Further, the tunnel lining method of the present invention is characterized in that, for a tunnel having a predetermined sectional shape excavated by an excavator, a plurality of supporting molds curved at predetermined intervals on the inner wall surface of the existing tunnel are provided in the circumferential direction. The plurality of supporting molds are arranged side by side along the ring and the plurality of supporting molds are connected and fixed to each other, and the movable mold mounted outside the plurality of supporting molds connected in the ring shape is moved outward, The end face of the supporting form is pressed by the pressing member along the longitudinal direction of the existing tunnel to be supported, and the end frame ring is provided between the outer peripheral ring provided along the inner wall surface of the existing tunnel and the supporting form.

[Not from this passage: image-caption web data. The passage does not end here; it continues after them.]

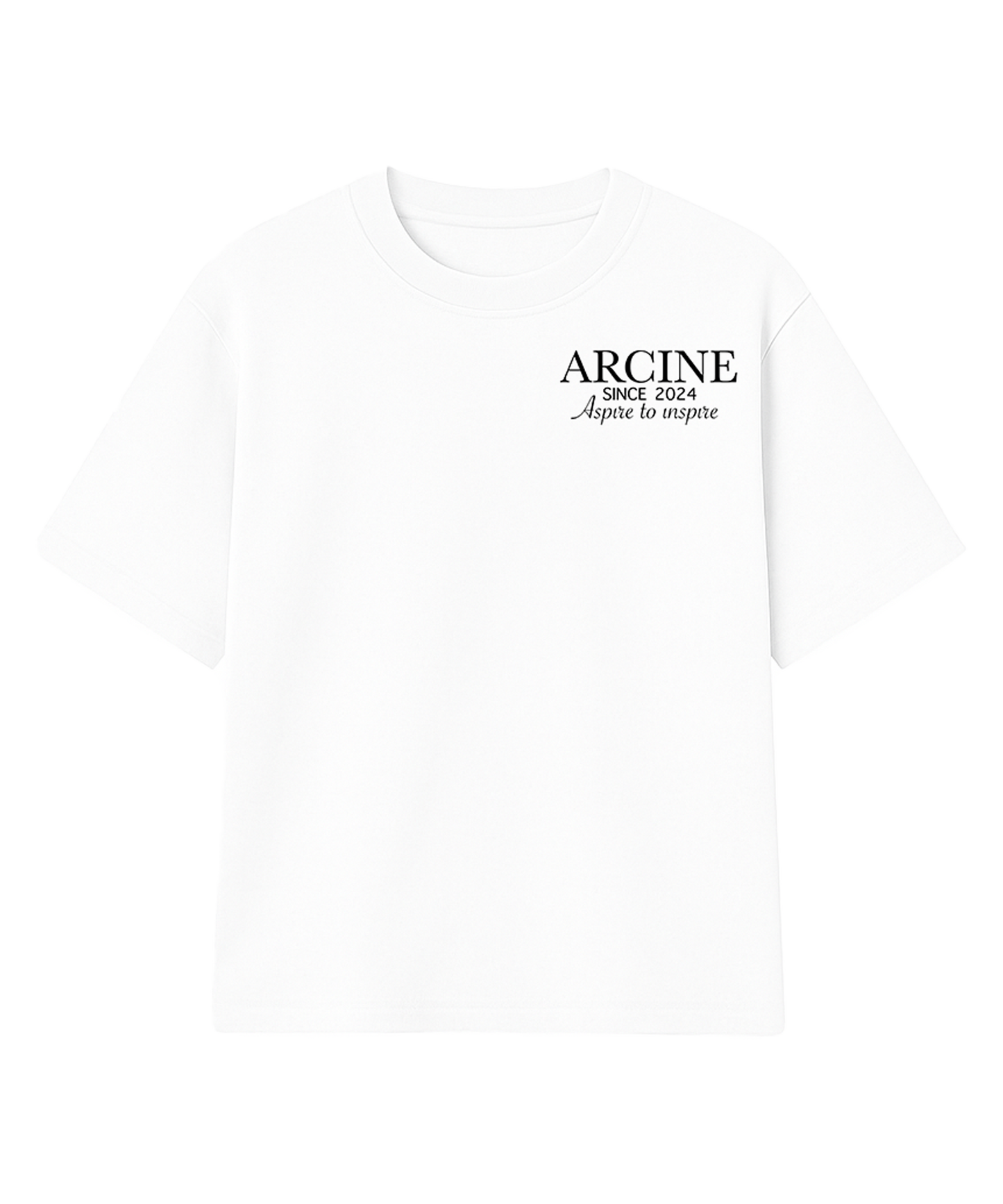 Arcine Core Logo Shirt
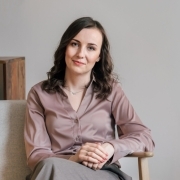 Portraitfoto Verica Mitrovic, BSc.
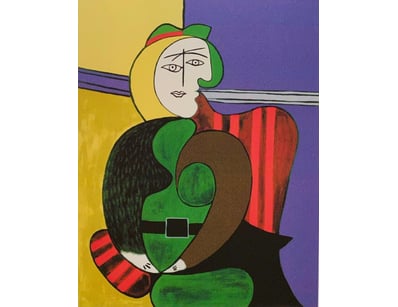 Art Market (A982) - Lot 1756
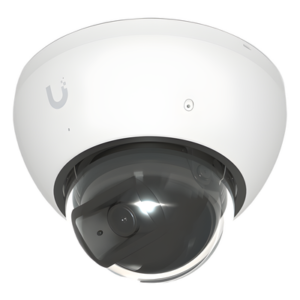 Cámara IP Domo / 4K 8 Megapixel / IR 40 m (131.2 ft) / Ángulo 109.9° / IP66 IK10 / PoE 802.3af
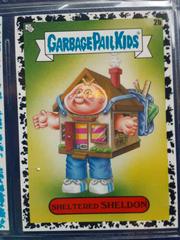 Sheltered SHELDON [Black] Garbage Pail Kids Late To School Prices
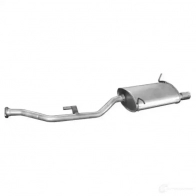 Глушитель POLMO 4304550 03.124 4 SBE8 - Изображение 2
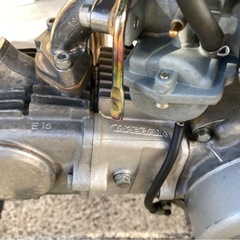 ゴリラ 88ccの画像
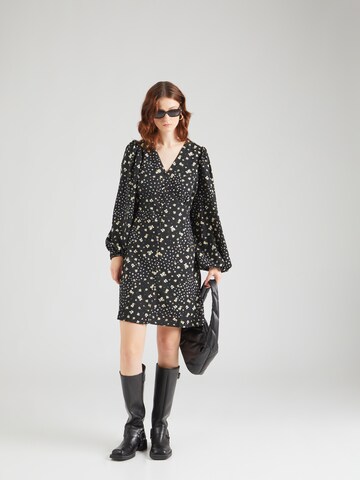 VERO MODA Shirt dress 'VMALEA' in Black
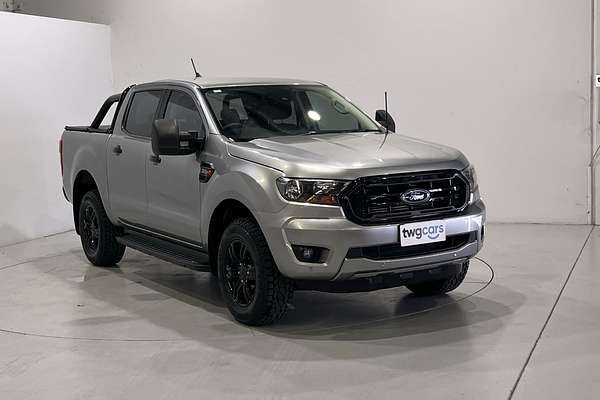 2020 Ford Ranger XLS PX MkIII 4X4 3.2L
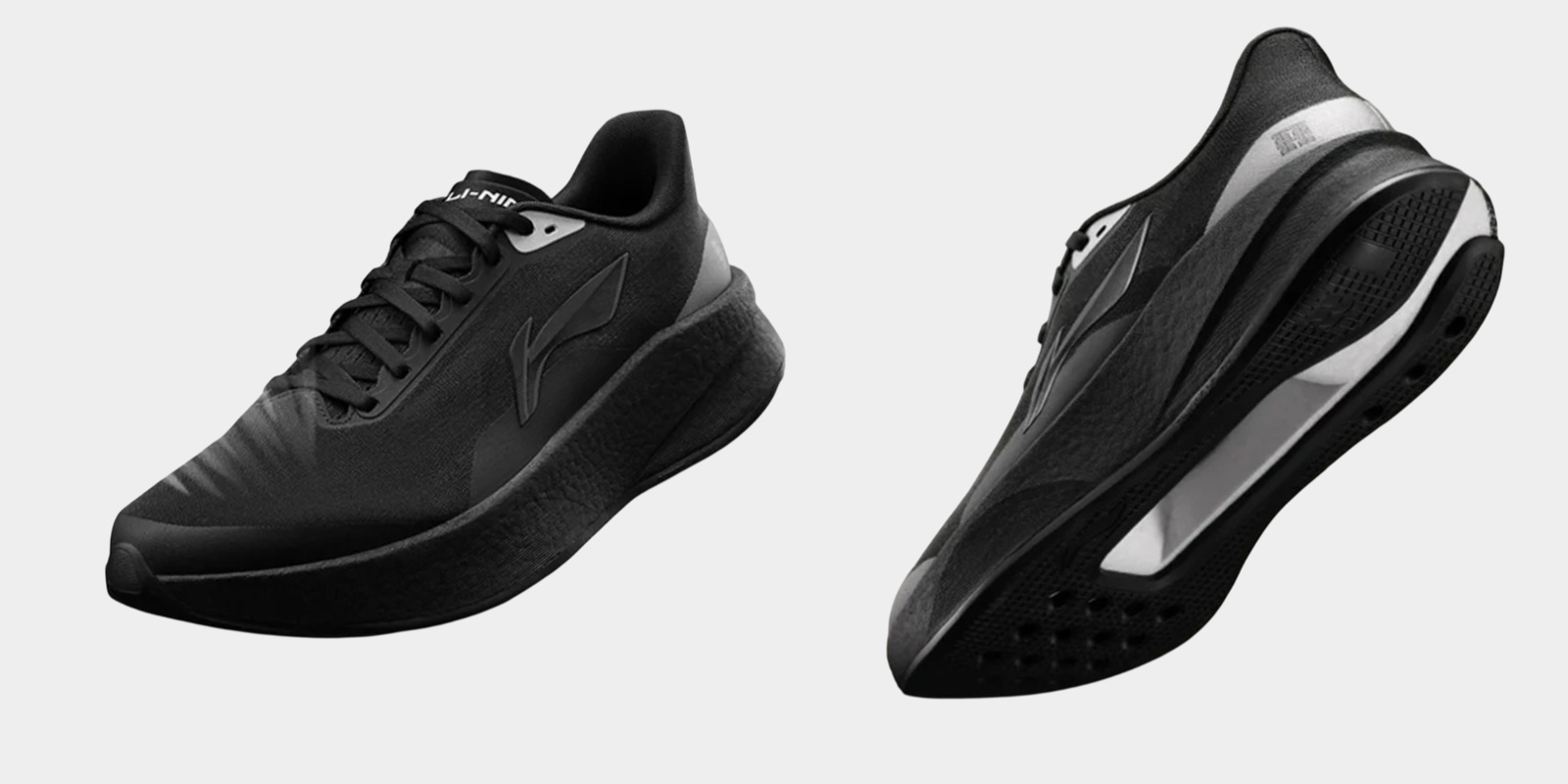 Кроссовки от Li-Ning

And in this state, concrete is poured into a space between the inner wall surface of the tunnel and the plurality of supporting forms to form a tunnel structure.

Further, the supporting form of the tunnel structure of the present invention has a rectangular shape in plan view and has side walls connected to four sides of a flat portion curved along the inner wall surface of the existing tunnel, and the outside is opened. A box form, a form outer plate movably supported in the box form, and a rib on the inner peripheral surface, the box form being movable outward from the box form by the form form plate. And a movable form buried in the tunnel structure.

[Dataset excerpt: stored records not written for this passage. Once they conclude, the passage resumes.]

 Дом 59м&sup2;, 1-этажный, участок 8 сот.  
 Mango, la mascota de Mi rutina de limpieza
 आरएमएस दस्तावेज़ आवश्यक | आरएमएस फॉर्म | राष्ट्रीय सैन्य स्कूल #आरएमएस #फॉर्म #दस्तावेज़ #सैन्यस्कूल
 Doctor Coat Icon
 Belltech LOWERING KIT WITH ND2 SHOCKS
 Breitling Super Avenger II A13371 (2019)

Further, the tunnel structure of the present invention is constructed such that a movable mold is moved outward from a support mold assembled in a ring shape at predetermined intervals on an inner wall surface of an excavated tunnel, and an inner wall surface of an existing tunnel is formed. The concrete is cast between the inner wall surface of the tunnel and the ring-shaped supporting form while the movable form is buried in a state where the concrete is held at a substantially intermediate position between the movable form and the supporting form. Is formed by removing the supporting mold after solidification.

[0018]

Embodiments of the present invention will be described below in detail with reference to the drawings.

FIG. 1 is a schematic diagram of a tunnel lining device according to an embodiment of the present invention, FIGS. 2 to 5 are schematic diagrams for explaining a lining method by the tunnel lining device of the present embodiment, and FIG. Sections of a tunnel structure formed by the tunnel lining method of the embodiment, FIGS. 7 to 10 schematically illustrate a method for holding the movable formwork, and FIG. 11 shows a structure formed by the tunnel lining method of another embodiment. 2 shows a cross section of a tunnel structure that has been made.

As shown in FIGS. 1 and 6, a tunnel structure 1 formed by the tunnel lining device of the present embodiment.
Reference numeral 1 denotes a plurality of support molds 13 arranged side by side in a ring on the inner wall surface 12 of the existing tunnel at a predetermined interval, and a predetermined distance outward from a box mold 14 of the support mold 13 by a mold outer plate 15. A plurality of movable molds 16 which are moved and arranged in a ring shape, and concrete 17 which is cast in a space between the inner wall surface 12 of the existing tunnel and a plurality of ring-shaped support molds 13. It is configured.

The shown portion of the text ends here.